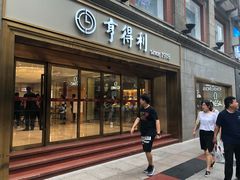 -亨得利(滨江道店)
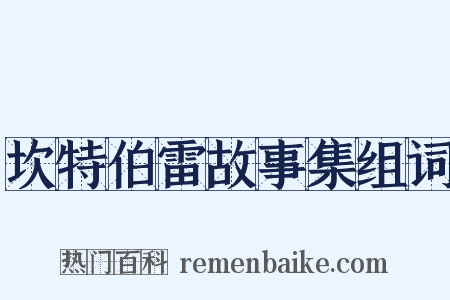 坎特伯雷故事集组词是什么意思的图片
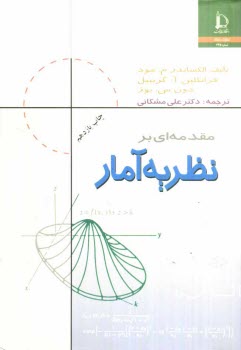 www.payane.ir - مقدمه ای بر نظریه آمار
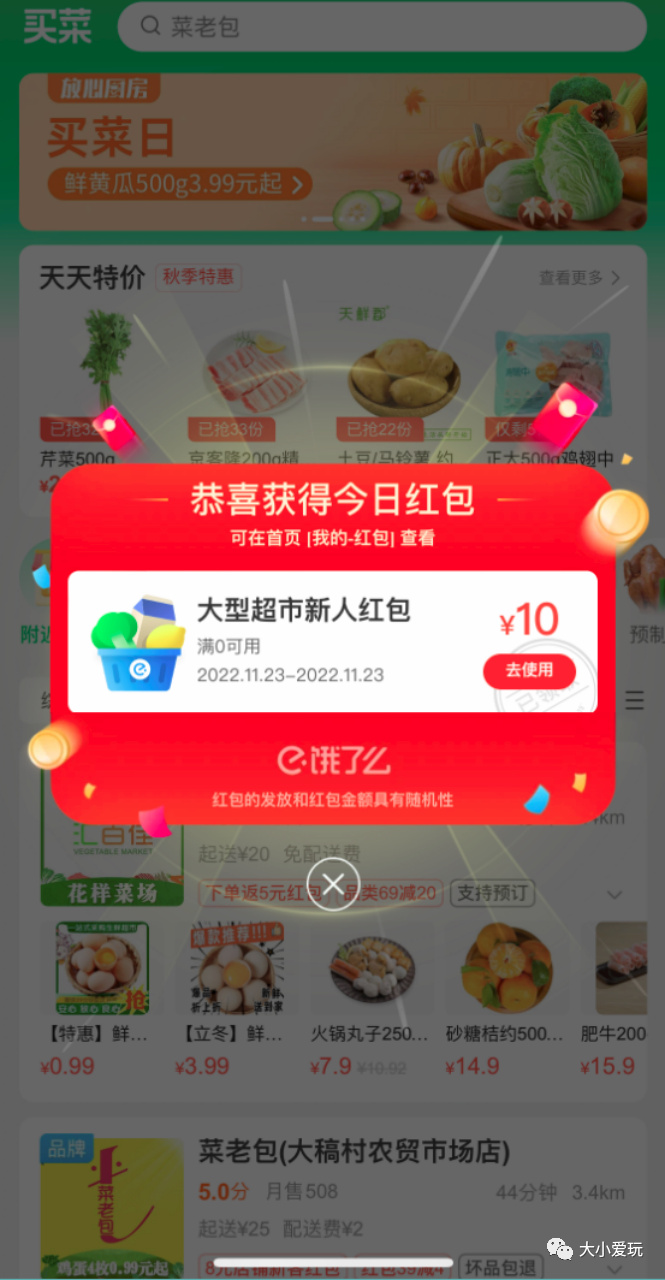 特殊时期骑手不足？实测10余家线上买菜APP，赶紧码住买菜指南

### Problem requirements:
Output the material above word for word. Leave out its images.

### Answer area:
 -亨得利(滨江道店)
 坎特伯雷故事集组词是什么意思的图片
 www.payane.ir - مقدمه ای بر نظریه آمار
 特殊时期骑手不足？实测10余家线上买菜APP，赶紧码住买菜指南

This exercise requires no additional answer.